The big group of deer is splitting into two smaller bunches. One with the bucks in it is dropping below me and to my right; heading for the saddle where my horse is tied. The other group of just does is heading right at me. The wind is in my face and they can’t see me. They are worried about the danger that they already know about and deer can only focus on one threat at a time. They get closer, and closer, walking at a good clip. They’re here, six feet to my left walking past me. I can see individual hairs on their coat with my peripheral vision as they walk by. The third one spooks a bit and jumps sideways, the others look at her as if she’s crazy and walk on. Then I’m alone again in the elk bed. I have another cup of coffee and walk back down to eat a snack and talk to my horse about what happened. He understood, but then they walked right by him too.
The bigger buck got shot about an hour later. I watched the bullet hit him. So much for his chances of being that beautiful four point. He dropped like a stone. The other guy didn’t have as much restraint as I did I guess, because he still wasn’t legal.

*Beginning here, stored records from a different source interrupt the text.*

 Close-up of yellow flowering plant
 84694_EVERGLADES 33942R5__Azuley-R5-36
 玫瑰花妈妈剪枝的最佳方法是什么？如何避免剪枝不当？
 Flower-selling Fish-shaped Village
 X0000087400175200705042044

The last afternoon of that part of the hunt I left Russia tied up in camp and hunted my way up the trail. On the way back I saw a guy and his kid and caught up to them where they were looking at a deer. They waved me over and asked if I had some decent optics to look for antlers with. I handed the kid my rifle and got out my Swarovski 10x40s. I laid down in the trail while he aimed his rifle. I waited and the nervous buck turned to leave and hesitated. I saw the third point and said so….nothing. "He’s broadside and turning, take him now or he’s gone", I said. BOOM! Right in my left ear. Where that bullet went I don’t know but the deer was unscathed. The shot was an easy one, if he had taken a rest. He had time…he was just a poor shot.
The two smaller forkhorn bucks I’d watched that first morning lived for two more days. They got shot just past where I tie up when they crossed the trail that is the boundary of the point restricted area.

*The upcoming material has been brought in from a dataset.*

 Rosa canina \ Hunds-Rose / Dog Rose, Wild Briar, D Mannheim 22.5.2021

I went home to get my wife and Levi, the mule she rode then. The next morning we hunted the area there weren’t many bucks to be seen. We ended up with a shot at a little spike buck just inside the legal any buck area. I shot him while kneeling in front of the horses. I’d shot my other guns around the ponies without any drama but this time was a different story. Russia must have thought the world was coming to an end and in his haste to leave he ran over my wife. I heard all hell break loose behind me and spun around to see her laying in the trail and the horse and mule disappearing around the corner. I checked her over and she wasn’t hurt…much. She went to get the animals and I went to follow up my shot. The ponies only went around the corner and stopped. The deer died close to the trail. It all worked out in the end. We dressed the little buck and loaded him on the mule and lead the boys back to pack up the camp.

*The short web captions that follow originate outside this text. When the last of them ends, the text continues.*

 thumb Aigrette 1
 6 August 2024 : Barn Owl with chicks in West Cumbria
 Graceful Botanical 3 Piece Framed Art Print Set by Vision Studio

Not much solitude, no huge bucks, but it wasn’t a terrible time. I don’t hunt there any more. I try to stay farther away from other people now. I guess I just don’t feel all that comfortable with so many people pressuring the deer. It’s nice to hunt undisturbed game in the company of only those you are hunting with. It’s rare but those are the things I’m looking for now. That and a big wall hanger mulie.